Among the non-Presidium foods, of special note were:

  • Latterie Gargiulo. This is a third generation cheesemaker in Gragnano, in the province of Naples in Campania. Francesco was the first of the dynasty to go out of the business. He was a lawyer until 2 years ago, then he came back. “I had the attitude to stay in the cheese factory.” His grandmother started it. In his father’s generation, the concern was price, not quality. He bought milk. Now Francesco is restoring quality. To buy again his own cows is a modernization that is a comeback. “I have to know what I am selling. I have to know the milk and the animals.” It remains a family business. “everyone in factory has my name, ages 21 to 57.” He makes three types of hard cheese in the family of caciocavallo as well as mozzarella and smoked mozzarella. Like his grandmother and the tradition the smoking is done with hay or straw, not with wood. This imparts a softer flavor.
  • Oliveri 1882 makes one of the best Panettone I’ve had the privilege to try.
  • Sallemi Nero d’Avola. This Sicilain wine is fermented in cement troughs rather than metal so that the bacteria do not have to be artificially introduced but continue to live in the cement, changing the wine from year to year. City of Caltagirone, province of Catania, region of Sicily.
  • I Segreti di Carla, fresh cheeses and butter from a family tradition in the city of Bossalasco, province of Cuneo, region of Piemone. She sells butter preserved in water, according to the old tradition of keeping butter in the well.
  • Antica Trochlea is a farm established in honor of their grandfather’s dream by two young men, supported by their families. They produce walnuts, walnut liquer and distillate, and Vesuvius Piennolo, a DOP tomato which grows without water, and can be stored and eaten as a fresh tomato for months.
  • Forno Sammaarco, Puglia. Huge and amazing bread.
  • Lorca from Azienda Agricola Vano Iren. Locality of Arpino, province of Frosinone, region of Lazio.
  • Porchetta from La Bottega del Futuro in Pozzuolo, province of Perugia, region of Umbria.
  • Casiatica (red white green pastry) from Fratelli Taibi, Via Nazionale N. 100, city of Castrofilippo, province of Agrigento, region of Sicily. The green part is usually just marzipan but this marzipan had the pistachios in it which would be the original source of the green?

The Experience

The Salon happens only once every two years, and it’s huge. I couldn’t rely on being able to “come back later” for anything. Every moment was potentially a once-in-a-lifetime opportunity. I would think “I really need to sit down and have a coffee”. Before I had taken a few steps, someone would hand me a glass of wine. While I stood drinking it, the next vendor would ply me with a sardine. I finish the wine and take a few steps, to be offered a taste of mascarpone (sheepsmilk ricotta with sugar, the filling for cannoli), a few steps more and there would be a special cheese to try, then onion jam, then panettone, then salami… It was an impossibly disconcerting menu. Eventually I surrendered to a chaotic rhythm of sweet and salty, alcohol in the morning, coffee whenever I could get one…

At home at night, my stomach would growl as I hadn’t eaten much, but I couldn’t face any flavor, so I let it be.

At the Salon del Gusto, the most overwhelming experience is pleasure and warmth. The producers want you to try their products and they want to explain their stories.
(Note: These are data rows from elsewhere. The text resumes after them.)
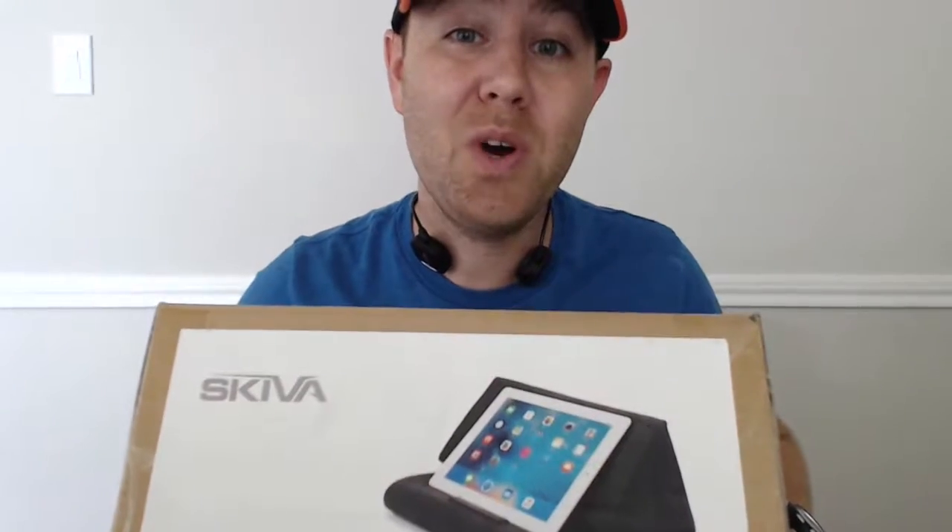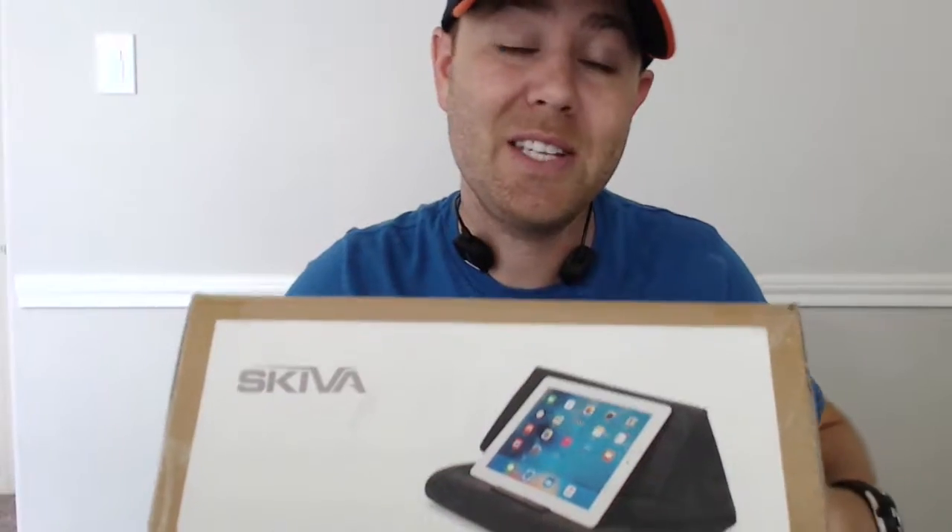Hey guys, it's Brandon, and today we're going to talk about the Skiva Easy Stand E1 for tablets and iPads. So let's unbox it and check it out.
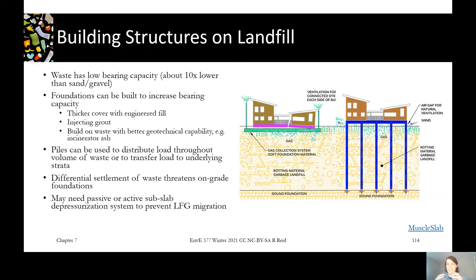You may also want to include some type of subslab depressurization system on any structure — so any gas collecting below your structure has a way to get out rather than going into your building through fractures. In the picture on the left, there's an example of a building with a gas collection system venting out on either side. The one on piles just has a natural space where air can blow out any gas coming up.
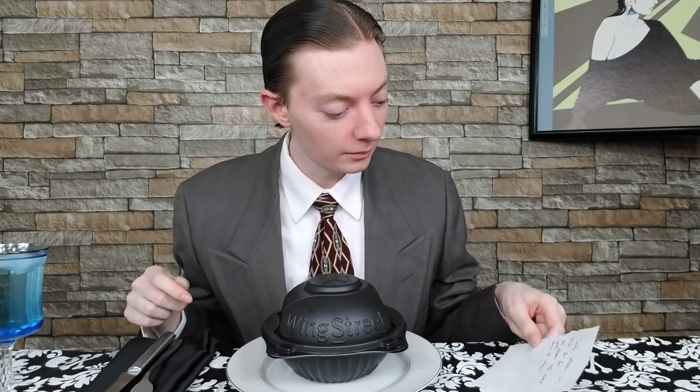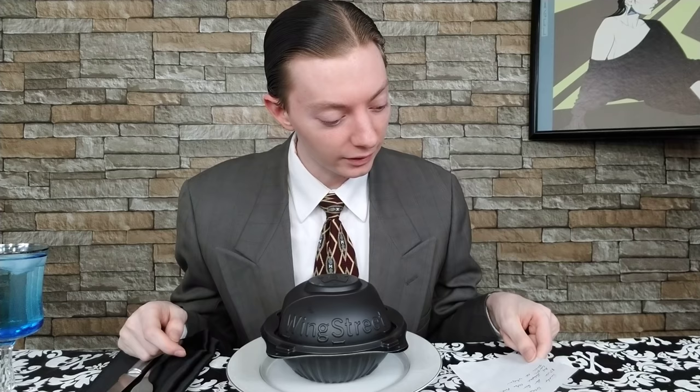Well, here we are once again, back at it again with another food review. Now this time, we're changing it up. This is a big deal — it's a wing review.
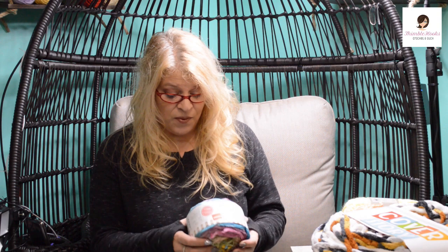Ciao everyone! Beth from Thimblehooks back again. I was going to run to Hobby Lobby today because everything was 30% off yarn, but on my way I passed a Joann's. I didn't need anything specifically — I never do when I just pop in. I usually make a special trip when I have a project, but today I just popped in and found a little bit of clearance, so I'm excited. There's hardly any clearance left but I'm really excited about what I did find.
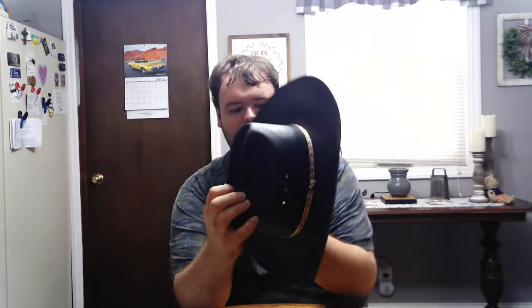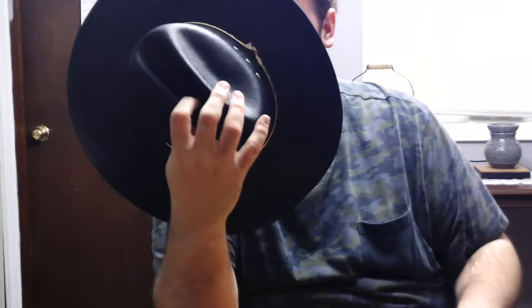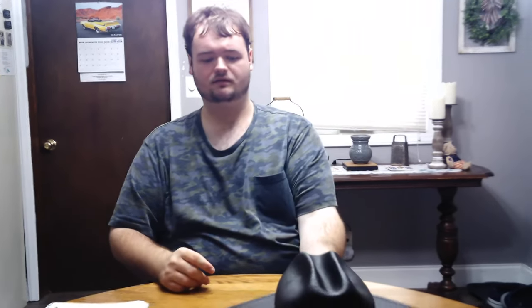It's also got a leather band on the inside of this one too. But I've worn this one so many times I've worn out the Western Express logo on this one, so it's kind of green now. Anyway, that's going to be it for now. Don't forget to like, subscribe, and turn on those post notifications and we'll see you next time. Bye bye.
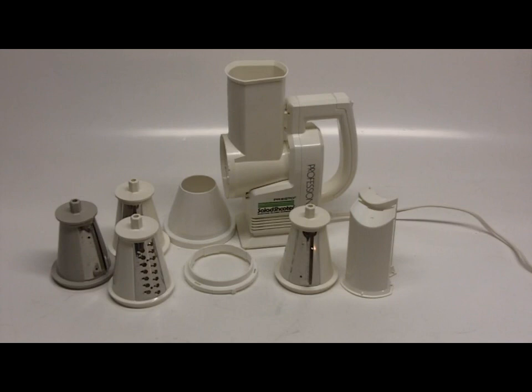There are several models for these out. This is the top of the line that Presto produces. It is larger and has more options for slicing, dicing, and shredding. It's just a wonderful appliance.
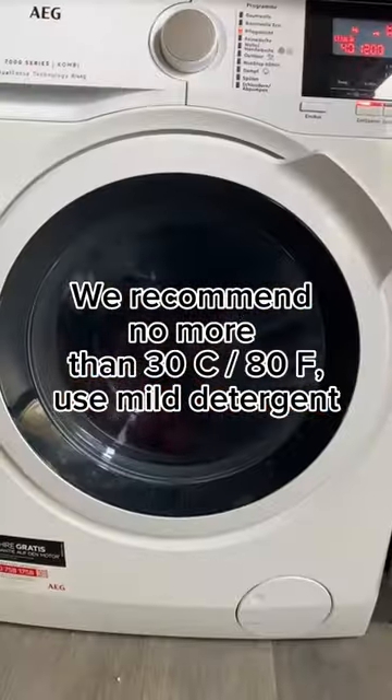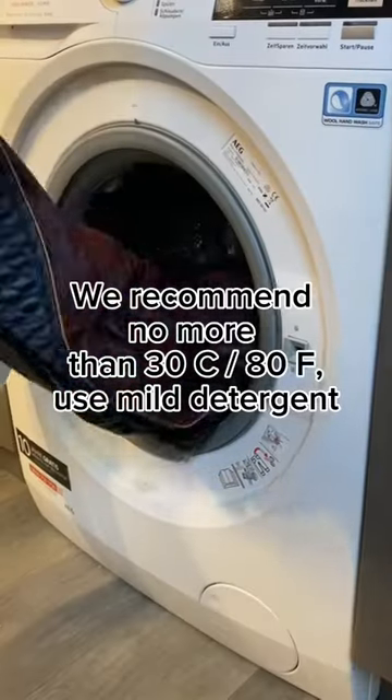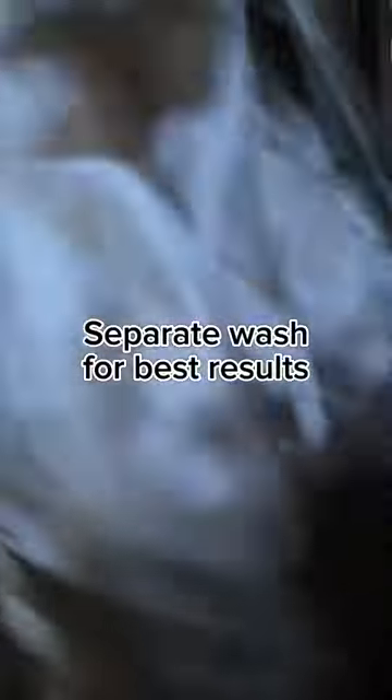We recommend no more than 30°C/80°F. Use mild detergent. Separate wash for best results.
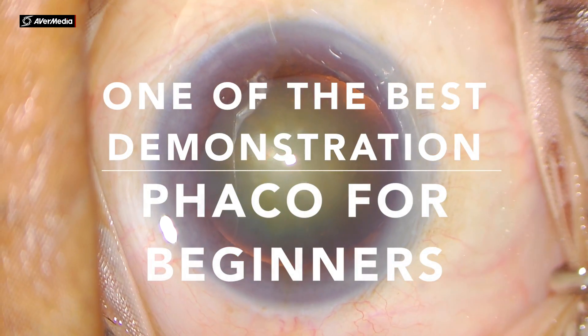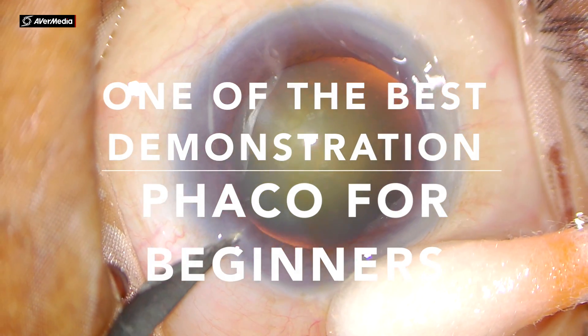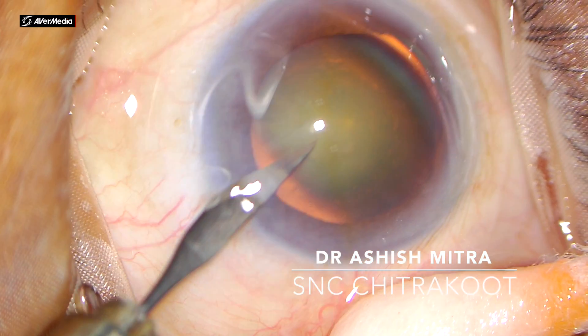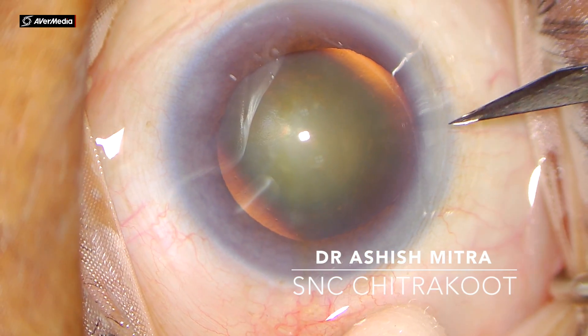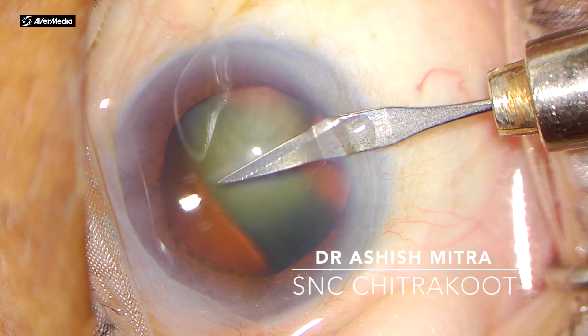Hello everyone, today I would be demonstrating cataract surgery phacoemulsification for big nurses so that they can learn each step of the surgery and learn to perform them in the correct way. This is an unedited video and I would be doing all steps of the surgery slowly to demonstrate each step carefully.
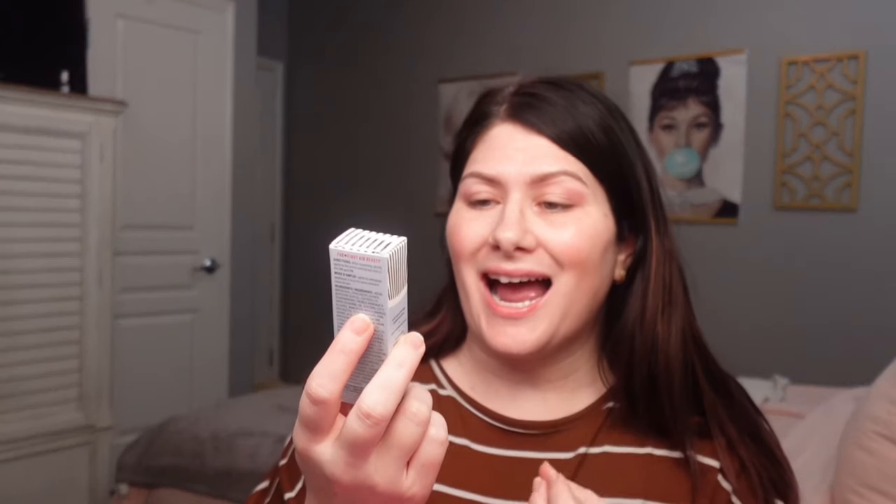I'll continue to test everything in this box beyond this video and let you know what's good and what's not. Up next we have from First Aid Beauty — a hydrating eye cream with hyaluronic acid, safe for sensitive skin. I love skincare, I love trying new skincare. I bought some new skincare in the Sephora sale. I'm definitely going to dive into this and keep you updated.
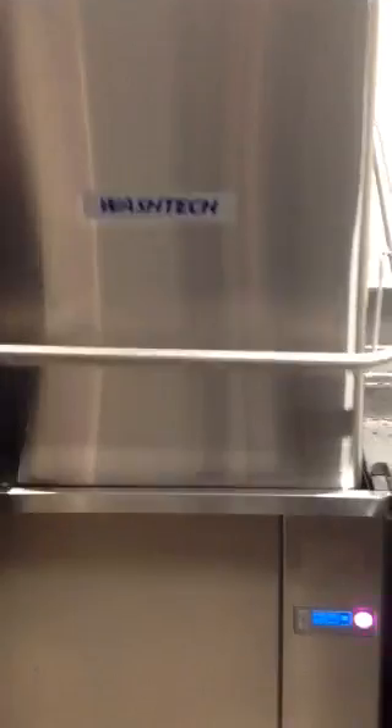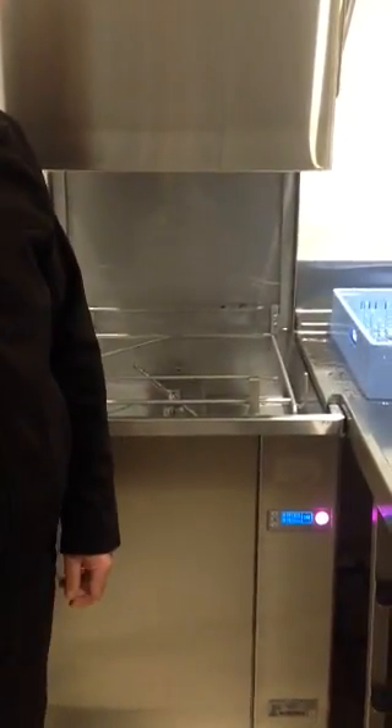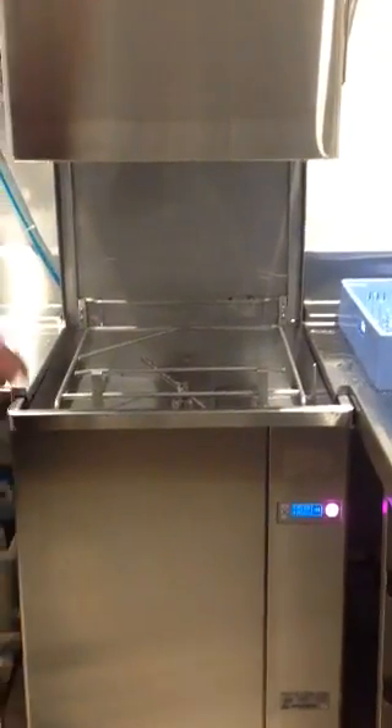To unload, we lift the hood again and then slide our rack out. Please allow a few minutes for the items in the rack to dry before you place them.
In addition to the marketplace and education there’s a street food and craft beer area, and a barbecue area. There’s also a “kitchen” where chefs from all over the world serve four international meals at the same time, one from non-Italy Europe, one from Asia-Pacific, one from Africa, and one from Americas.

All kinds of people are enjoying and learning. It’s also serious business. The guys in the red ties are here. Everybody is here.